= George Robinson (cricketer, born 1861) =

Welsh cricketer

George Edward Robinson (13 March 1861 – 30 November 1944) was a Welsh cricketer who played first-class cricket for Oxford University Cricket Club.

==Life==
Robinson was born on 13 March 1861 in Deytheur (a corruption of Deuddwr) in Montgomeryshire (near Llansantffraid-ym-Mechain), the son of Edward Robinson.

He was educated at Burton Grammar School in Staffordshire and Jesus College, Oxford, where he was listed as an armiger. He won his first "Blue" in 1881, when he played in the university match against Cambridge. He won his Blue in the following two seasons as well. In his three Blues matches, he took six wickets and scored 15 runs.

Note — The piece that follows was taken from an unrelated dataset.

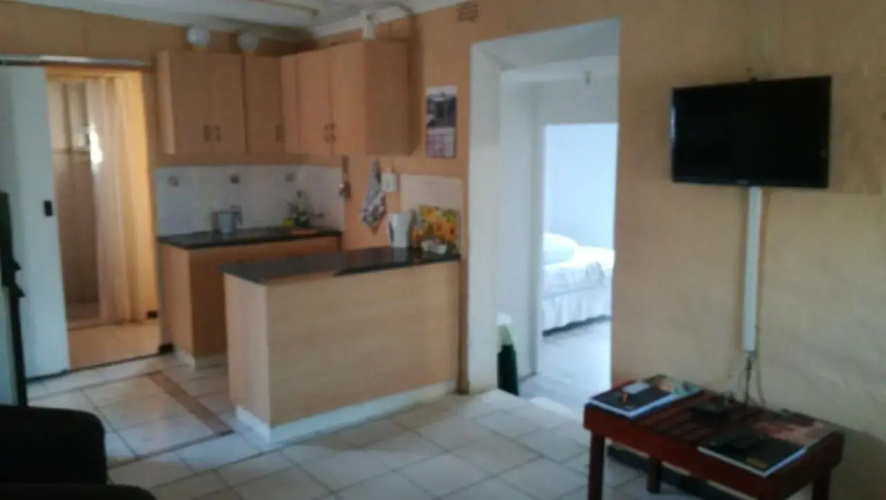Heloise Home Stay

In all, he played 17 first-class matches for Oxford University, scoring 168 runs in 30 innings, at an average of 8.84 with a highest score of 28; he was primarily a left-arm fast bowler, and took 80 wickets at an average of 17.16, with best bowling figures of seven wickets for 47 runs. James Lillywhite's Cricketers' Annual described him as "an apathetic bat and field".

He also played, outside first-class, at county level for Montgomeryshire and, between 1880 and 1903, for Shropshire while playing at club level for Oswestry. For Shropshire he played 38 matches, totalled 785 runs with a best match score of 54, and took 194 wickets.

He died on 30 November 1944 aged 83 in Acton, Staffordshire.